# What is needed:
Among the entries below, only the lines from the one with "Round Scandinavian coffee table" through the one with "Women's Elegant Mini" are wanted, reproduced exactly. Pictures are not wanted.

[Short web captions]
----------------------------------------
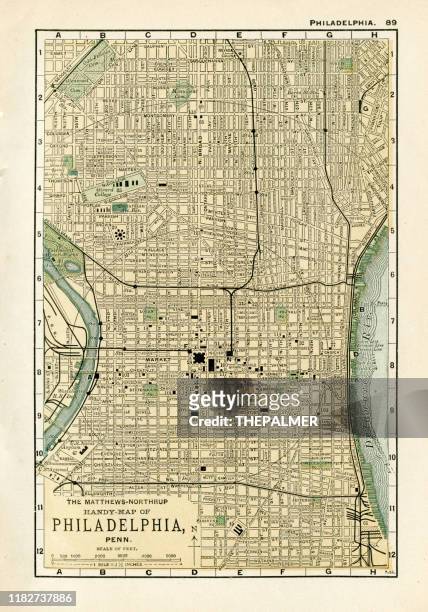 philadelphia penn usa map 1898 - philadelphia pennsylvania map stock illustrations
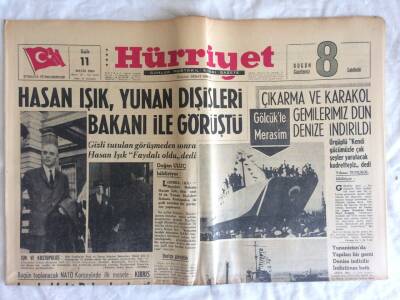 Hürriyet Gazetesi 11 Mayıs 1965 - Hasan Işık , Yunan Dışişleri Bakanı İle Görüştü GZ73499 - 1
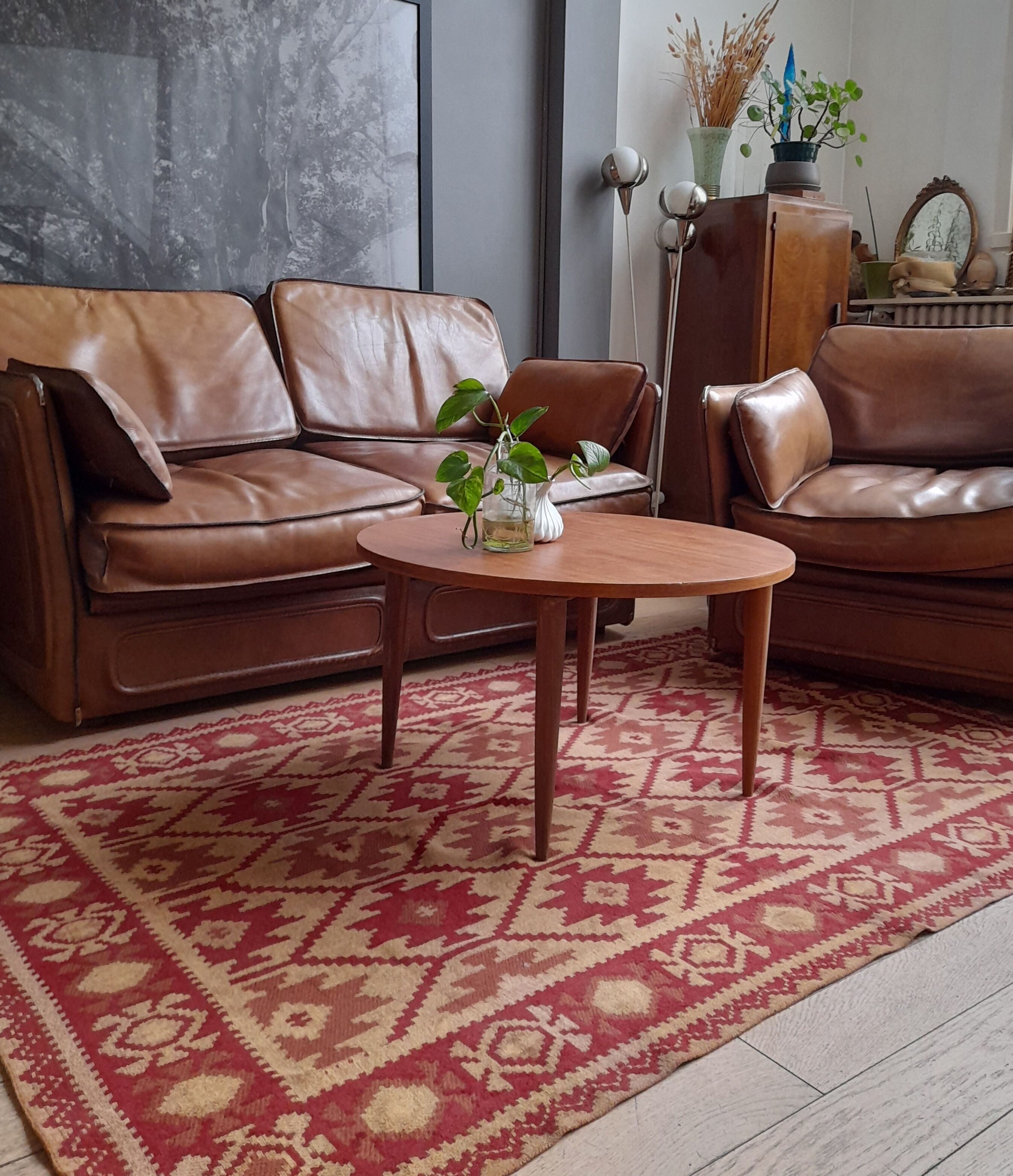 Round Scandinavian coffee table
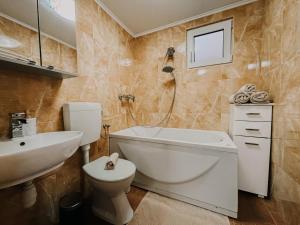 Holiday home Isabella in Terme Čatež في كاتيز أوب سافي: حمام مع حوض استحمام ومرحاض ومغسلة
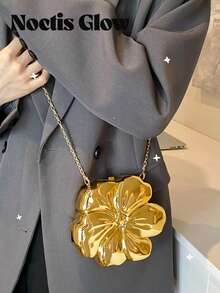 Women's Elegant Mini Flower Shaped Chain Crossbody Bag, Metallic Y2K Style Theme Party Shoulder Bag, Fashionable Novelty Shaped Bags, Versatile Small Mobile Phone Key Coin Purse, Portable Outdoor Travel Vacation Cosmetic Bags, Wear-Resistant Solid-Color Clutch Bag - 金色 - 查看 2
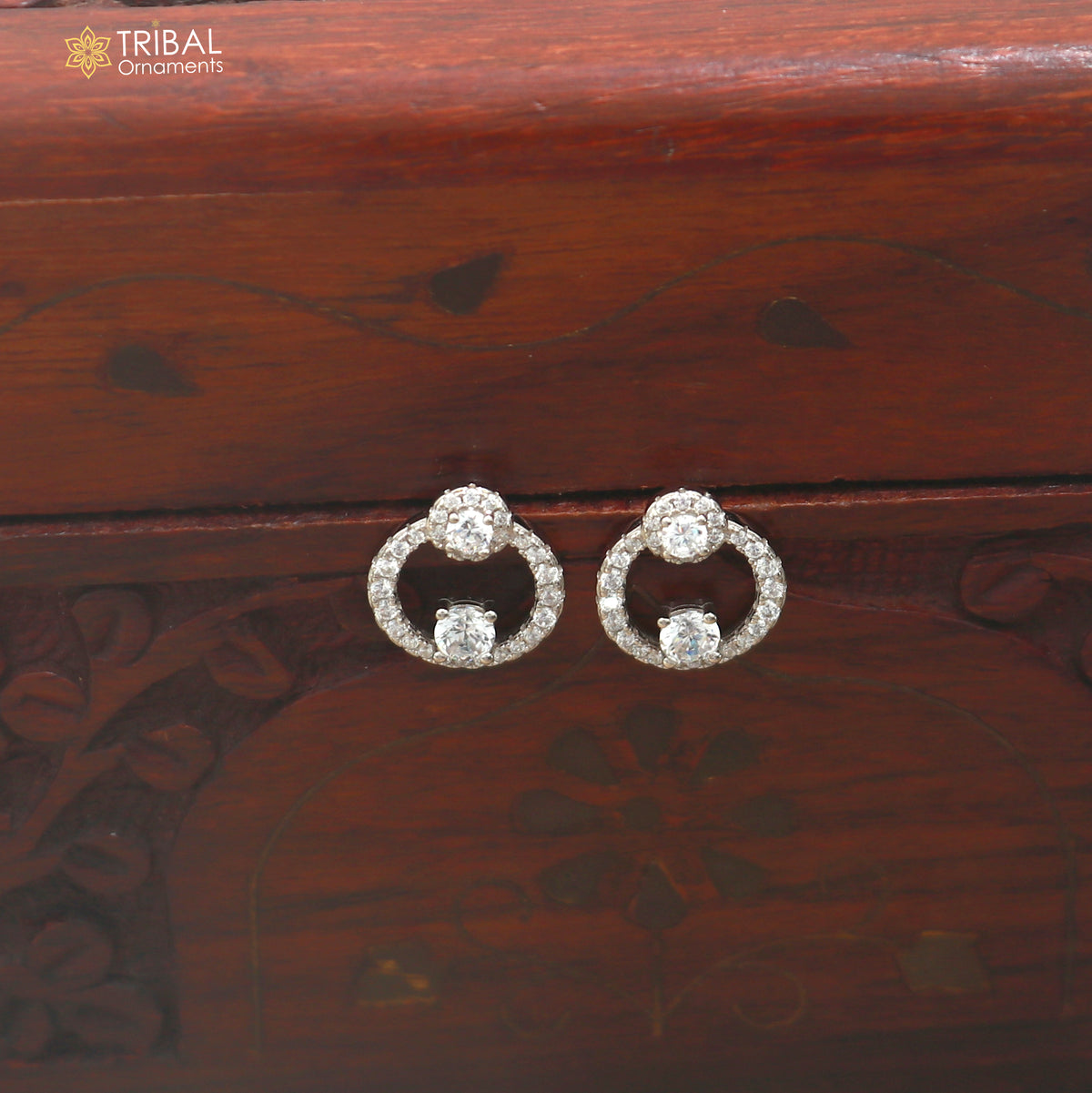 925 sterling silver round shape cz stone stud earring jewelry er371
----------------------------------------
# Solution to this problem:
 Round Scandinavian coffee table
 Holiday home Isabella in Terme Čatež في كاتيز أوب سافي: حمام مع حوض استحمام ومرحاض ومغسلة
 Women's Elegant Mini Flower Shaped Chain Crossbody Bag, Metallic Y2K Style Theme Party Shoulder Bag, Fashionable Novelty Shaped Bags, Versatile Small Mobile Phone Key Coin Purse, Portable Outdoor Travel Vacation Cosmetic Bags, Wear-Resistant Solid-Color Clutch Bag - 金色 - 查看 2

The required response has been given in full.